From: David Hildenbrand <david@redhat.com>
To: linux-kernel@vger.kernel.org
Cc: linux-mm@kvack.org, James Houghton <jthoughton@google.com>,
stable@vger.kernel.org, Peter Xu <peterx@redhat.com>,
Oscar Salvador <osalvador@suse.de>,
Muchun Song <muchun.song@linux.dev>,
Baolin Wang <baolin.wang@linux.alibaba.com>
Subject: Re: [PATCH v3] mm/hugetlb: fix hugetlb vs. core-mm PT locking
Date: Thu, 1 Aug 2024 10:50:18 +0200 [thread overview]

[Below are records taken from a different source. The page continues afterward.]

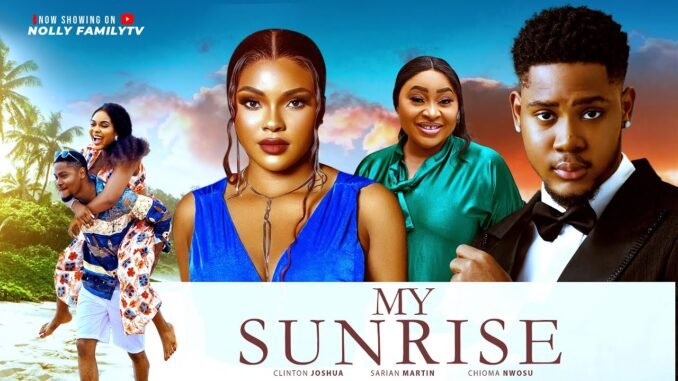 my-sunrise-clinton-joshua-sarian-martin-chioma-nwosu-2025-latest-nollywood-full-movie.jpg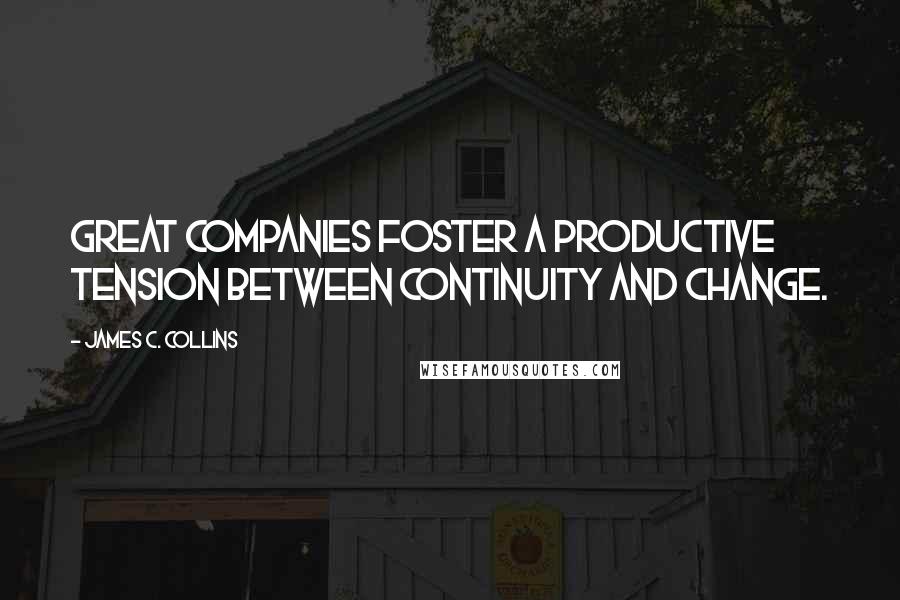 James C. Collins Quotes: Great companies foster a productive tension between continuity and change.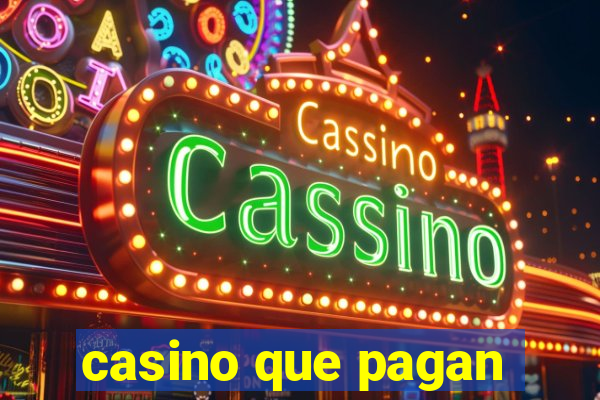 casino que pagan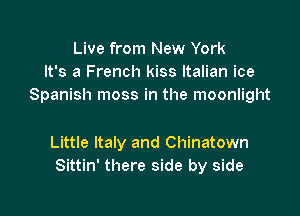 Live from New York
It's a French kiss Italian ice
Spanish moss in the moonlight

Little Italy and Chinatown
Sittin' there side by side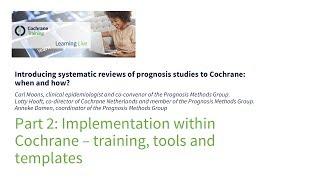 Part 2: Implementation within Cochrane - training, tools and templates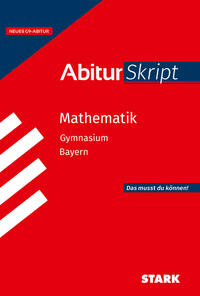 STARK Mathematik - AbiturSkript Bayern ab 2026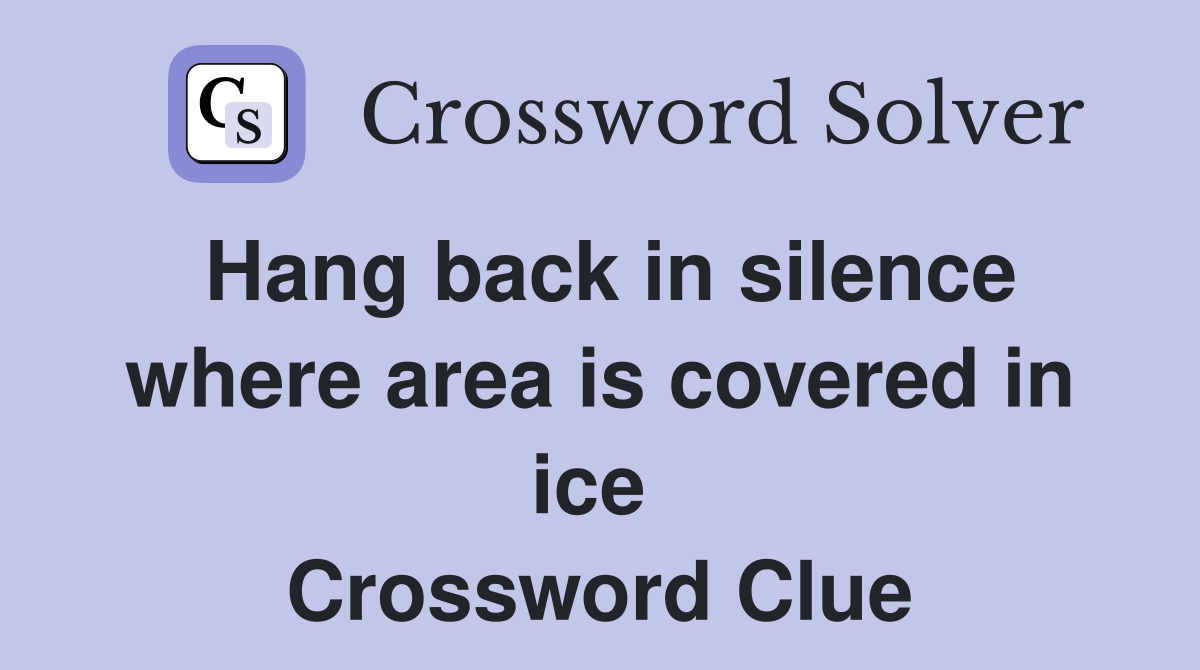 Hang back in silence where area is covered in ice  Crossword Clue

Message-ID: <541f6c23-77ad-4d46-a8ed-fb18c9b635b3@redhat.com> (raw)
In-Reply-To: <20240731122103.382509-1-david@redhat.com>
On 31.07.24 14:21, David Hildenbrand wrote:
> We recently made GUP's common page table walking code to also walk hugetlb
> VMAs without most hugetlb special-casing, preparing for the future of
> having less hugetlb-specific page table walking code in the codebase.
> Turns out that we missed one page table locking detail: page table locking
> for hugetlb folios that are not mapped using a single PMD/PUD.
James, Peter,
the following seems to get the job done. Thoughts?
diff --git a/include/linux/hugetlb.h b/include/linux/hugetlb.h
index 8e462205400d..776dc3914d9e 100644
--- a/include/linux/hugetlb.h
+++ b/include/linux/hugetlb.h
@@ -938,10 +938,40 @@ static inline bool htlb_allow_alloc_fallback(int reason)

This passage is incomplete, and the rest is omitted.